İkincisi değişim ihtiyacı vardır deyip değişimi arkadan takip
etmesi. Üçüncüsü, değişimi baştan reddeden bir tavır, bu hiç ümit
vaat etmiyor. Suriye gibi ülkeler bu değişimi kendisi yönetsin
istiyoruz, şiddet oluşmasın. Bir reform takvimi koyu bunu bunu
yapacağım dersen o zaman şiddete başvuranları güvenlik tedbir
uygularsınız. Ama bunu böyle yapmadığınız zaman halkın haklı bazı
talepleri var. Ama aynı anda terör unsurları da var, ikisini ayırt
etmek imkanı kalmıyor. Örgütlü bir muhalefetin olmaması ortada bir
muhatabın olmamasını da sağlıyor. Ben bu süreci tarihin doğal akışı
olarak görüyorum. Yolun sonu hakkında ümidim var. Farklı olan bu
sürecin doğallık içinde yaşanmasını arzu ediyorduk ama bir patlama
şekliden oldu. Bu bizim bölgemizde de biraz uzun sürebilir biraz
sancılı olabilir ama daha az sancılı olabilmesi için hepimizin
çabası lazım. Şu an itibariyle uluslararası müdahalenin şartları
oluşmuş değil, biz bunu arzu da etmeyiz. İnşallah reform süreci
hızlandırılır ve olaylar kontrol altına alınır. Suriye herhangi bir
ülke değil. Ortadoğu’nun üç ana konusuna komşu olan tek ülke.

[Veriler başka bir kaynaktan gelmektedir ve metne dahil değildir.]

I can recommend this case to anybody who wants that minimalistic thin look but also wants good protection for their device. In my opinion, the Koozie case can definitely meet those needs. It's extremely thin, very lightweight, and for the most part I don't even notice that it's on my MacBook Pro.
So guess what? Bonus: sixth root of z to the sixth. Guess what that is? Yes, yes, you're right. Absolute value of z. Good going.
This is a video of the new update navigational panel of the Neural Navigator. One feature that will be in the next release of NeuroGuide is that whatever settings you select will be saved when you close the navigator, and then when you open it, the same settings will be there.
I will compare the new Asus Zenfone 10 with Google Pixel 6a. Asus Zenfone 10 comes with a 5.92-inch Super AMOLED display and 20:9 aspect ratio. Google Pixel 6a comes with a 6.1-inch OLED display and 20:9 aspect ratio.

Filistin, Lübnan, Irak. Mısır, Tunus ve Libya gibi daha homojen bir
toplumda değil. Suriye konusunda herkesin olumlu katkıda bulunması
lazımdır.
Economist’teki editörlerle bir yerde karşılaşsanız o
yazıdan sonra ne derdiniz?
Aslıdan bazı muhabirleriyle görüşmelerimiz oldu. Doğrusu ben böyle
bir yönlendirmenin uluslararası basın etiği açısından da doğru
olmadığını ve bizi şaşırttığını ifade etmeliyim. Economist sadece
bir analiz yapmıyor, dönüp Türk halkına şöyle oy kullanmalısınız
aksi halde otoriter eğilim artar deme hakkına kimse sahip değil.

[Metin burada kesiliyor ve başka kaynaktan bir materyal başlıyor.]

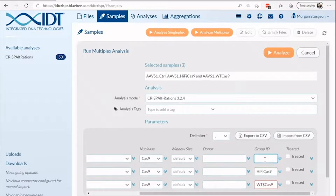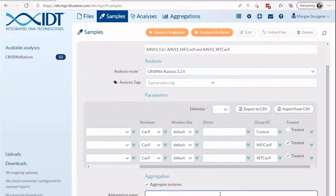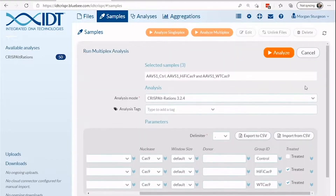Our interface looks for red flags that could prevent your analysis from being run successfully. Here you can see an example of a sample name that has illegal characters. After correcting this, you can then name the aggregation for this run, associate any metadata or descriptions for this experiment, and run the analysis.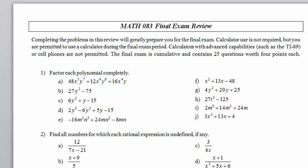Math 083, Final Exam Review, Problem 20, Parts A, B, C, and D.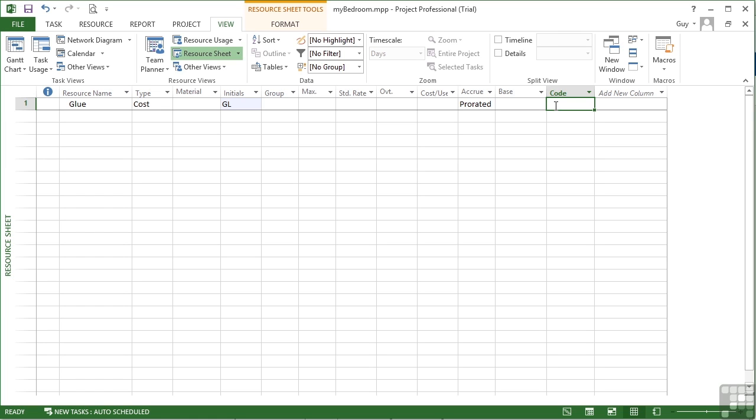When people were unable to fit their costs into one bracket or the other, this third cost was created, which is the cost type.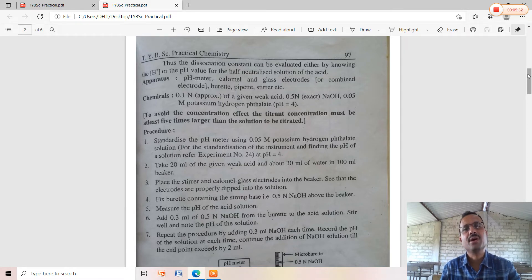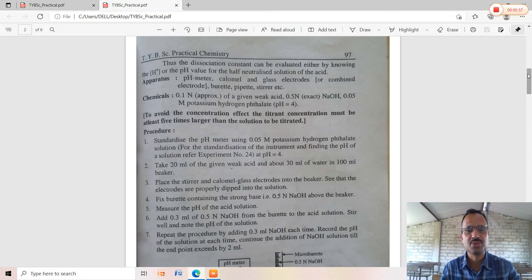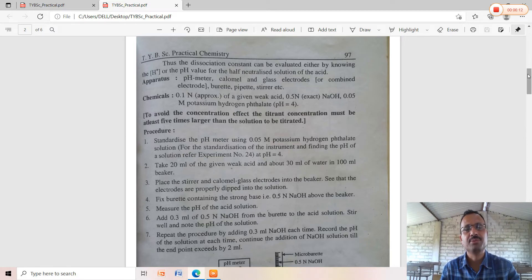Initially, measure the pH of the acetic acid solution before adding any NaOH. Then add successive increments of 0.5 ml of 0.5 normal NaOH from the burette to the test solution. Repeat by adding 0.5 ml NaOH each time and record the pH at each step. Continue the addition of sodium hydroxide solution until the end point is exceeded by 2 ml. The expected end point should be obtained around 2 to 2.5 ml beyond equivalence.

Burada iki önerme beni rahatsız ediyor. Türkiye'nin geleceği ile
ilgili neyin doğru olup olmadığına Türk halkı karar verir, kimsenin
yönlendirmesine ihtiyacı yok. Başka ülkeler olsa başarı hikayesi
olacak bir durum niye bizde otoriterleşmenin eğilimi olarak
görülür. Herkes, Türk halkının demokrasiyi özümsemediği gibi bir
kanaati nereden elde ediyor? Eğer Türkiye'de bir hükümet son 8 yıl
içinde üç genel seçim, iki yerel seçim, iki referandum yapmışsa ve
her bir seçimde oylarını artırarak sürdürmüşse ortak akıl
Türkiye'de diyor ki ‘Bu parti başarılıdır, ben bu partinin devamını
istiyorum’. Tabii bir analiz yapar, Cumhuriyet Halk Partisi’ni
kendince benimser. Ama yalan ya da iftira gibi bir şey olmaması
lazım. Bu iki sınır koyulduğu zaman biz eleştiriye bir şey
demeyiz.
Altında ne olabilir? Yazıyı yazan kişinin kişisel bakışı
mı, Türkiye'den o yazıyla ilgili olarak birtakım veri gidişi mi,
bir yönlendirme mi?
Bunların hepsi. Maalesef Türkiye'den artık kendileri için iktidar
imkanı kalmadığını düşünenlerden Brüksel ve Washington’da bu tarz
temaslar olduğunu ben biliyorum. Bazı çevrelerde son zamanlarda
Türkiye'nin aşırı güçlendiğine dair bir rahatsızlık da var. Eğer
tabii Türkiye güçlenmişse bu kullanılabilir. Bu bir güçse mazur
görülebilir, teşvik edilebilir gibi geliyor ama kullanılmayacak
kadar da güçlendiği durumuna geldiğinde acaba bunu ne kadar nasıl
bir kontrol içinde tutabiliriz kanaati olabilir. Birçok yerde bazen
kıskançlık, bazen başka şekilde görüyoruz. Bizim istediğimiz eğer
Cumhuriyet Halk Partisi birileri tarafından teşvike diliyorsa şu
yönde edilsin; AK Parti başarılı bir performans sergiledi, bir
vizyon ortaya koydu siz de kendi vizyonunuzu ortaya koyun; hatta
her türlü yardım yapılsın CHP’ye. Yeter ki Cumhuriyet Halk Partisi,
tutarlı ve birbiri ile çelişkili olmayan, Diyarbakır’da da Konya’da
da, Erzurum’da da kullanılabilecek argümanlara dayalı bir
alternatif vizyona sahip olsun. Mesela bir dış politika paradigması
geliştirsin, ben bundan Dışişleri Bakanı olarak mutluluk duyarım.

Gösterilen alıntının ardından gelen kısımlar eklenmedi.